* _Task to complete_:
Copy every record verbatim. Leave the pictures out.

Items from a data source:
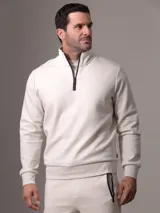 Buzo color crema de Calvin Klein confeccionado en mezcla de algodón y poliéster. Presenta cuello alto con media cremallera negra, puños y dobladillo con punto canalé.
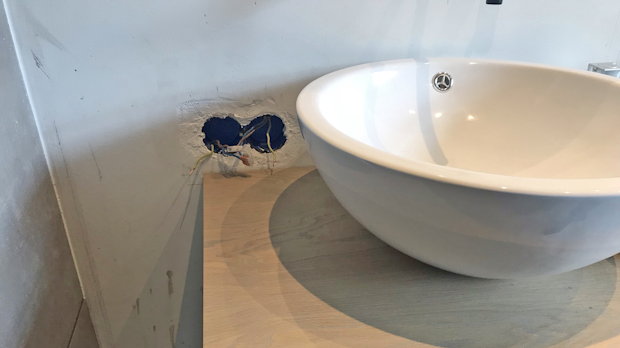 Wastafel met onafgewerkte leidingdoorvoer in een badkamer die door een onervaren klusser is gerenoveerd.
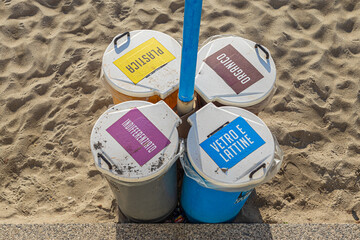 Recycle bins with separate slots for plastic, aluminum and glass, organic and undifferentiated waste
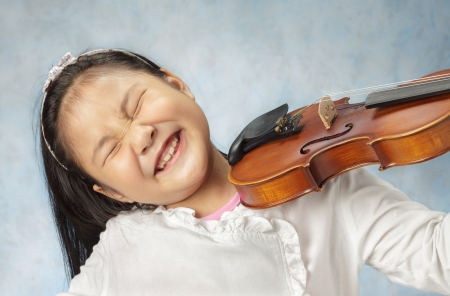 Cute little Asian girl playing the violin very enjoying .の写真素材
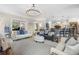 Open-concept living room with neutral tones and seamless flow to kitchen area at 1741 Hickory Path Way, Suwanee, GA 30024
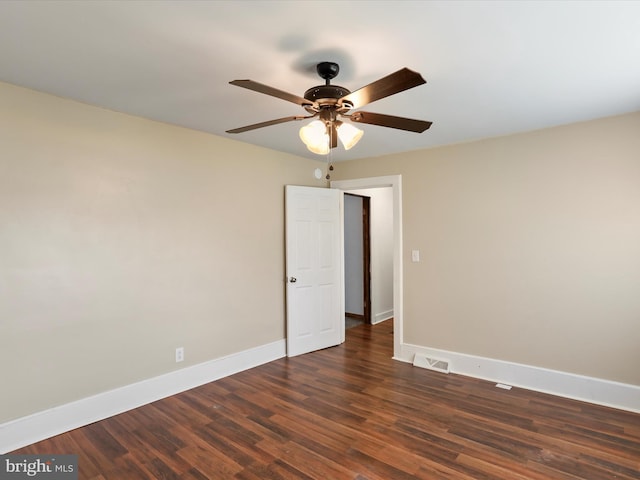 819 Manns Ter, Cumberland, MD 21502 - spare room featuring baseboards, a ceiling fan, dark wood-type flooring, and visible vents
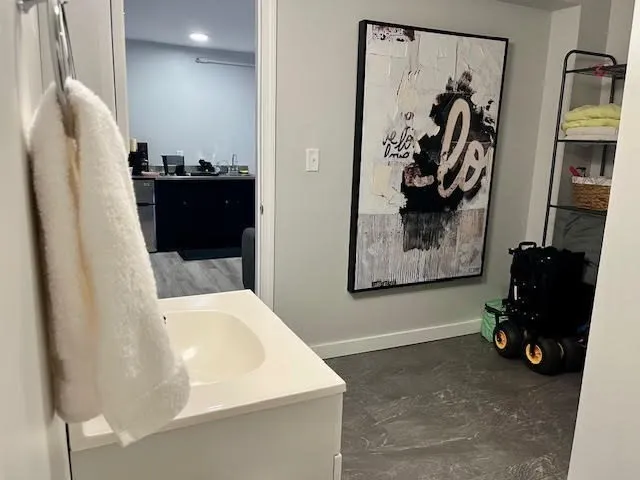 a view of a hallway with stairs and a closet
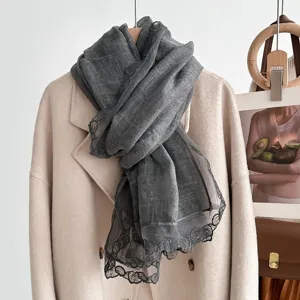 Grey scarf detail showcasing exquisite lace trim and soft fabric texture for autumn and winter.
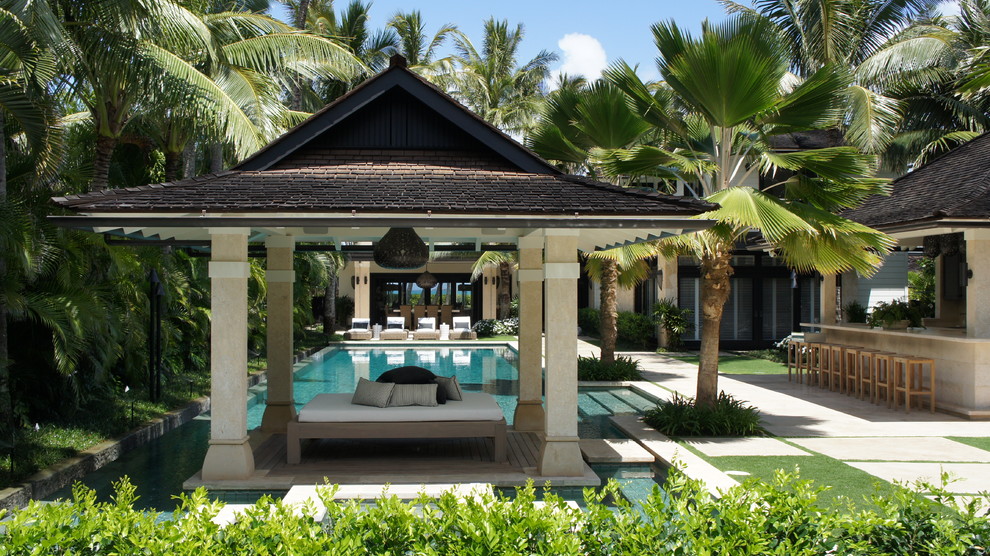 Immagine di un ampio patio o portico tropicale dietro casa con piastrelle e un gazebo o capanno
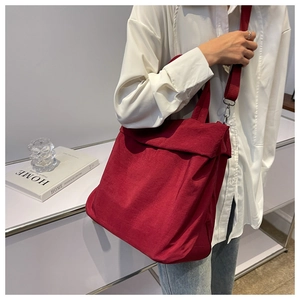 Detailed view of a red large-capacity corduroy tote bag worn as a shoulder bag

* _Task answer_:
 Buzo color crema de Calvin Klein confeccionado en mezcla de algodón y poliéster. Presenta cuello alto con media cremallera negra, puños y dobladillo con punto canalé.
 Wastafel met onafgewerkte leidingdoorvoer in een badkamer die door een onervaren klusser is gerenoveerd.
 Recycle bins with separate slots for plastic, aluminum and glass, organic and undifferentiated waste
 Cute little Asian girl playing the violin very enjoying .の写真素材
 Open-concept living room with neutral tones and seamless flow to kitchen area at 1741 Hickory Path Way, Suwanee, GA 30024
 819 Manns Ter, Cumberland, MD 21502 - spare room featuring baseboards, a ceiling fan, dark wood-type flooring, and visible vents
 a view of a hallway with stairs and a closet
 Grey scarf detail showcasing exquisite lace trim and soft fabric texture for autumn and winter.
 Immagine di un ampio patio o portico tropicale dietro casa con piastrelle e un gazebo o capanno
 Detailed view of a red large-capacity corduroy tote bag worn as a shoulder bag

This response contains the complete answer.